Reputation: 790
We have field(s) in mongodb which has numbers in string form, values such as "$123,00,89.00" or "1234$" etc
Is it possible to customize $sum accumulators in mongodb, so that, certain processing can be done at each field value while the sum is performed. Such as substring or reg-ex processing etc.
Upvotes: 1
Views: 331
Reputation: 50406
The .mapReduce()
method is what you need here. You cannot "cast" values in the aggregation framework from one "type" to another ( with the exception of "to string" or from Date
to numeric ).
The JavaScript processing means that you can convert a string into a value for "summing". Somthing like this ( with a bit more work on a "safe" regex for the required "currency" values:
db.collection.mapReduce(
function() {
emit(null, this.amount.replace(/\$|,|\./g,"") / 100 );
},
function(key,values) {
return Array.sum(values);
},
{ "out": { "inline": 1 } }
)
Or with .group()
which also uses JavaScript procesing, but is a bit more restrcitive in it's requirements:
db.collection.group({
"key": null,
"reduce": function( curr,result ) {
result.total += curr.amount.replace(/\$|,|\./g,"") /100;
},
"initial": { "total": 0 }
});
So JavaScript processing is your only option as these sorts of operations are not supported in the aggregatation framework.
A number can be a string:
db.junk.aggregate([{ "$project": { "a": { "$substr": [ 1,0,1 ] } } }])

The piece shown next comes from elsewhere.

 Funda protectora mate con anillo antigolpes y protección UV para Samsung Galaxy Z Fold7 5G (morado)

{ "_id" : ObjectId("55a458c567446a4351c804e5"), "a" : "1" }
And a Date
can become a number:
db.junk.aggregate([{ "$project": { "a": { "$subtract": [ new Date(), new Date(0) ] } } }])

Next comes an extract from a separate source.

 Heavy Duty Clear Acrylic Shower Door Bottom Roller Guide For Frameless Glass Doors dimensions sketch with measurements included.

{ "_id" : ObjectId("55a458c567446a4351c804e5"), "a" : NumberLong("1436835669446") }
But there are no other operators to "cast" a "string" to "numeric" or even anthing to do a Regex replace as shown above.
If you want to use .aggregate()
then you need to fix your data into a format that will support it, thus "numeric":
var bulk = db.collection.initializeOrderedBulkOp(),
count = 0;
db.collection.find({ "amount": /\$|,\./g }).forEach(function(doc) {
doc.amount = doc.amount.replace(/\$|,|\./g,"") /100;
bulk.find({ "_id": doc._id }).updateOne({
"$set": { "amount": doc.amount }
});
count++;
// execute once in 1000 operations
if ( count % 1000 == 0 ) {
bulk.execute();
bulk = db.collection.initializeOrderedBulkOp();
}
});
// clean up queued operations
if ( count % 1000 != 0 )
bulk.execute();
Then you can use .aggregate()
on your "numeric" data:
db.collection.aggregate([
{ "$group": { "_id": null, "total": { "$sum": "$amount" } } }
])
Upvotes: 1